Detection of in vivo antioxidant activity
The blood was centrifugated at 2000 rpm for 10 min to obtain serum. The activity of superoxide dismutase (SOD) and glutathione peroxidase (GSH-Px) in the serum as well as the content of lipid peroxidation products (MDA) were measured according to the kit method.
Statistical Analysis
All data are expressed as means ± SD of triplicates. SPSS 18.0 software was used for statistical analysis. Differences were considered to be statistically significant if P < 0.05.
RESULTS AND DISCUSSION
One-step Process Study for FO Production from Wheat Bran
The FO yield in fermentation broth of A. pullulans was considered the response value, and the PBD and results are shown in Table 1(A). Design-Expert software was employed to conduct a stepwise regression analysis for FO production, and the optimal regression equation using FO yield as the response value is as follows:
Y =521.92+30.75 A-137.75 B+69.75C+71.08 D+132.08 E+101.08 F+89.25 G (2)
From Eq. (2), it can be seen that light, fermentation temperature, fermentation time, liquid medium volume, inoculum size, and initial pH had positive effects on the FO yield, whereas shaking speed had a negative effect.

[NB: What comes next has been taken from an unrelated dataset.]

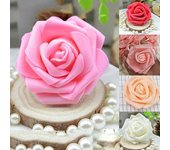 50 Uds flores artificiales boda ramo de novia decoración de fiesta cabezas de rosas de espuma Red rojo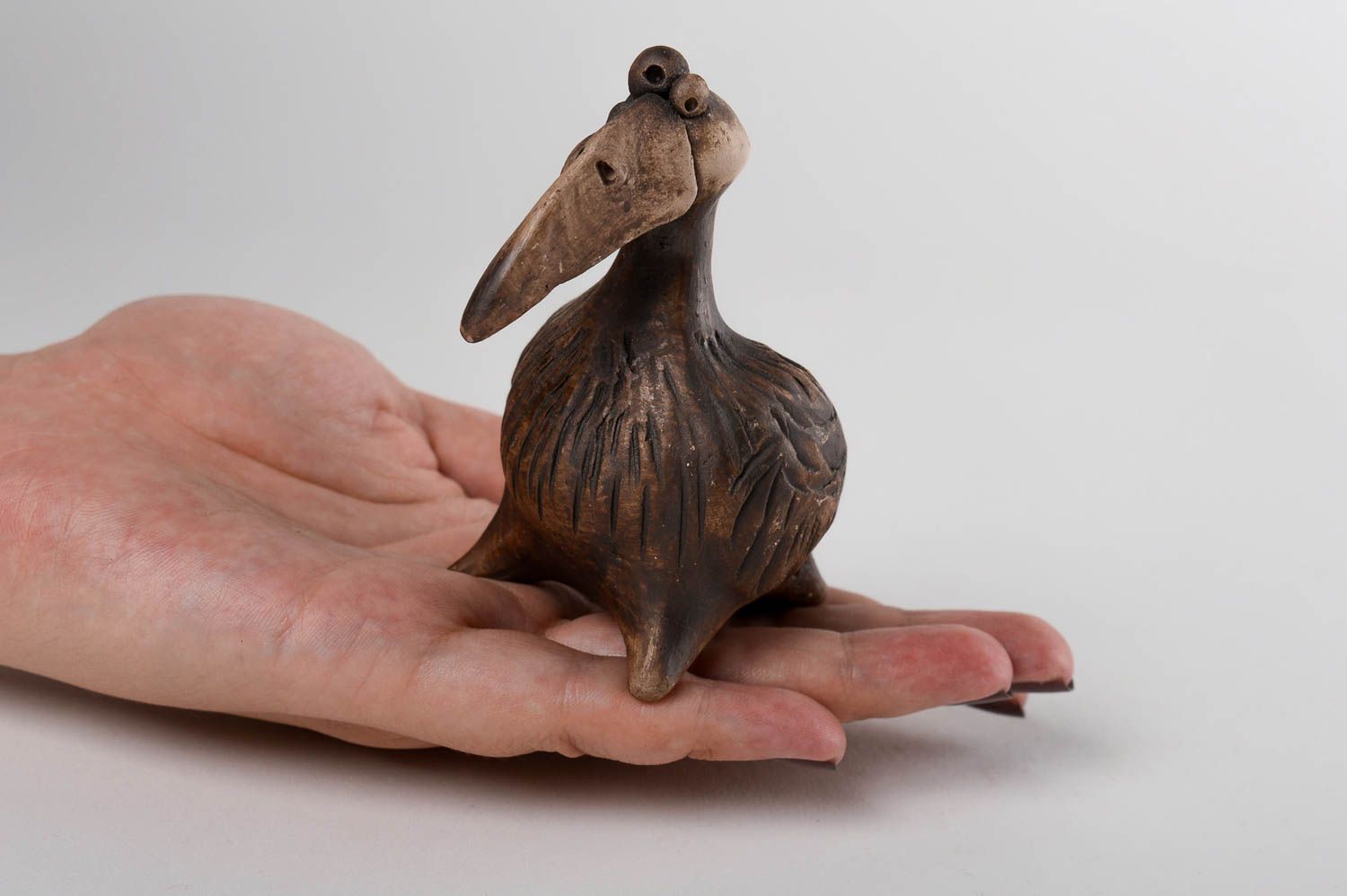 Handmade ceramic animal whistle decorative pottery handmade clay statuettes photo 5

It can be seen from the variance analysis in Table 1(B) that the obtained regres-sion equation reached a significant level (P < 0.05), indicating an extremely good fitting degree within the entire studied regression range. The determination coefficient (R2) of 0.9440 and adjusted R2 of 0.8459 suggest that 94.40% of the experimental data variability could be explained by this regression model. In particular, the four fermentation factors of shaking speed, initial pH, inoculum size, and fermentation temperature had significant effects on the the FO yield (P < 0.05). Thus, through PBD, the significant positive factors for FO production were determined to be initial pH, inoculum size, and fermentation temperature. D-optimal experimental design was used to investigate the factors that had positive effects on the FO yield determined in the PBD test, including initial pH, inoculum size, and temperature. Table 2(A) exhibits the experimental design and results. Design-Expert software was utilized to fit the data in Table 2(A) using the Scheffe incomplete cubic polynomial, obtaining the incomplete cubic polynomial model between the FO yield Y (nmol/L) and the coding variables X1(initial pH), X2 (inoculum size), and X3 (fermentation temperature) (Eq. 3).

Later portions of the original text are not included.